European markets are following their Asian counterparts lower this morning, with Trump’s tariff war looking to set markets on a new unpredictable course that could see higher inflation and lower growth until we see a resolution. While Trump indicated that US-UK relations would remain largely unaltered, the losses seen throughout both the FTSE 100 and 250 highlight the perception that this trade war will hurt businesses across the globe irrespective of whether they are directly impacted by tariffs. The consequences for global markets will come down to whether nations respond with a tit for tat levy on US goods rather than striking a deal that would seek to bring an end to this crisis. Nonetheless, today is a brutal reminder for investors that Trump’s pro-business approach may not necessarily always translate into market friendly announcements. Volatility is back and it’s here to stay.

In the UK, the prospective impact on global trade and economic activity helped drive the miners and banks lower. While we have seen some weakness for energy names, the gains seen for natural gas and oil highlight the potential for investors to seek shelter from inflation fears within this sector. As is often the case, precious metals took a hit in early trade, with gold typically joining the crowd within the inception of any widespread selloff. Nonetheless, the gains we are subsequently seeing does highlight the prospective benefit if global demand continues to favour gold over US treasuries. On mainland Europe, the automotive sector appears to be the hardest-hit, with Volkswagen, BMW, Stellantis, and Mercedes Benz all tumbling on the prospect of Transatlantic sales collapsing.

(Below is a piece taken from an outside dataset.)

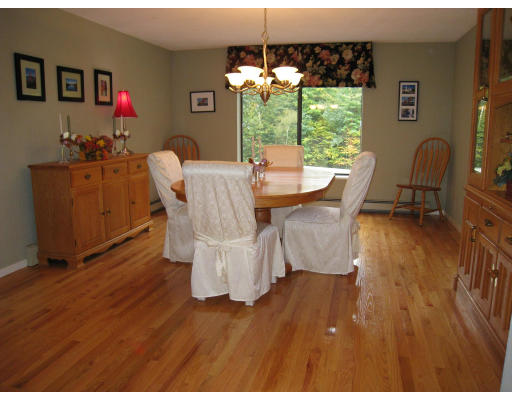 179 Harper Ridge Road Hampstead, NH 03826 - Photo 9 of 26 a dining room with furniture potted plants and wooden floor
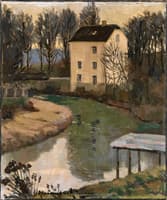 White House by a River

The euro is on the rise after an inflation report that saw headline CPI rise to 2.5%. The -0.3% monthly metric will undoubtedly provide a great degree of respite, and we are likely to see significant disinflation next month when base effects kick-in. Nonetheless, with the energy component rising at a shocking 2.9%, the prospect of higher energy prices on supply chains disruptions do provide cause for concern going forward. Elsewhere, the better-than-expected German manufacturing PMI (45.0) serves to highlight the new norm where markets cannot take economic announcements at face value as they instead seek to gauge how this could further deteriorate under the weight of US tariffs.